In one of the surest signs that investors are betting that the Federal Reserve will boost interest rates at some point this year, 10-year Treasury yields have surged 34.3% over the past six months.

Another sign that cements the notion that investors are preparing for higher borrowing costs is the price action in the SPDR S&P Regional Banking ETF (NYSEArca: KRE). All KRE, the largest regional bank ETF has done over the past six months is surge 18.4%.That is better than double the returns offered by the Financial Select Sector SPDR (NYSEArca: XLF) over the same period.

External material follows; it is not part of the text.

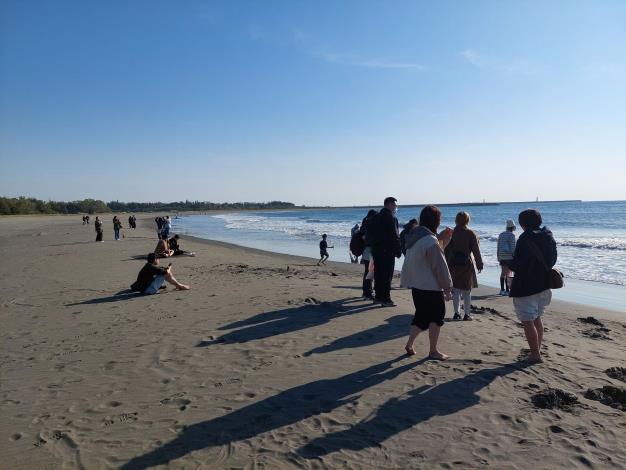 臺南海岸淨灘有成 黃偉哲:歡迎市民踏青迎新春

A rising interest rate environment will throw a wrench into the financial markets. Nevertheless, bank-related exchange traded funds could weather the storm as financial firms have positioned ahead of the potential rate changes. KRE’s sensitivity to interest rates is well known. The ETF rose just 2% last year after surging 47% in 2013 when yields spiked. KRE’s holdings have an average beta of +0.44 to moves in the US 10 Year Treasury. [Look to Bank ETFs in a Rising Rate Environment]

Another out-performing bank ETF has been the SPDR S&P Bank ETF (NYSEArca: KBE), which has surged 18.6% over the past six months.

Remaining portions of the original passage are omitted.